A Senate Journal 1943-1945, page 4
December 12, 1943. There are minor isolated things about the Senate and the gallery, all of which contribute to their color, which I want to put down here before they become so much a part of everyday routine that I don’t even notice them any more.
In the big oblong chamber with its emergency superstructure of frank ungainly steel put up a couple of years ago to support the cracking ceiling, a kind of sickly, sea-green light prevails, as though its occupants were debating at the bottom of a tank where little pageboys dart like minnows. Sometimes this becomes so overpowering on the eyes that the outlines of the desks begin to fade out and all you see before you for a second, before you shake your head and snap out of it, is row upon row of white papers, neatly circled against a murky and impenetrable background. It is a strange feeling. [Changed now, following the postwar remodeling of the chamber which left it light beige, brightly lit, and handsome.]

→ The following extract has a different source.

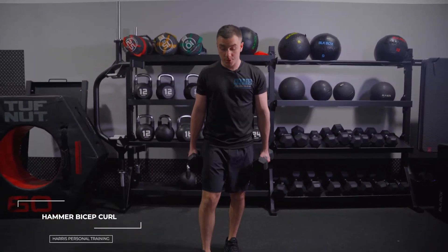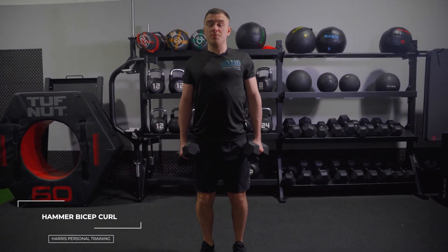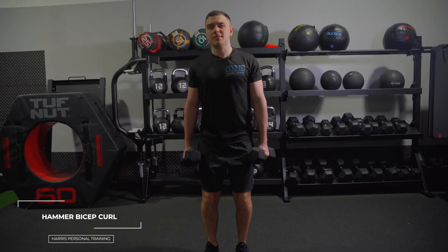The next one is hammer bicep curls. From here, chest is up, shoulders back and down, sit into your knees — this helps to take the pressure out of your lower back.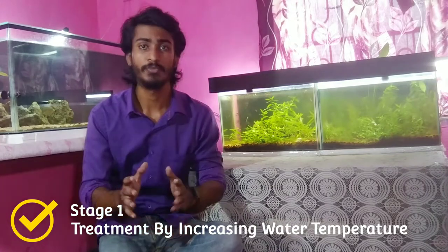The first stage is to set your aquarium heater to 30 degrees centigrade and keep it on. Do this for one week. If after one week you can see that your fish's white spot disease is gone, that is good enough. In maximum cases, white spot disease will be cured at this stage alone.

Sometimes late in the afternoon, looking down across the chamber to the farther door beneath the clock, you can see behind it a blazing streak of sunlight on the floor beyond, casting its bright reflection on the swinging glass panels as the Senators pass in and out. It is as though a glowing welcome were being prepared, a great burst of glory in which some hero, impossibly gallant and fine, might enter on a wave of light and the distant applaudings of a million hands. But no, sad luck: it’s only little Raymond Willis of Indiana, wandering in like some fugitive gnome, or Bob Reynolds of North Carolina, with his plastered hair and puff-eyed face, or Arthur Vandenberg of Michigan, huge head wreathed in a pleased, complacent smile.
Visitors get herded into the galleries like sheep, sit a while hearing a debate whose origins and outcome they have no time to discover, and are herded out again bored and wondering. Their attention is diverted easily by the men they recognize, and to Mrs. Caraway they always pay the tribute of a lively interest. Servicemen sit more quietly and listen more attentively than others, seeming to strive to find here some portion of that glory for which they are told they fight.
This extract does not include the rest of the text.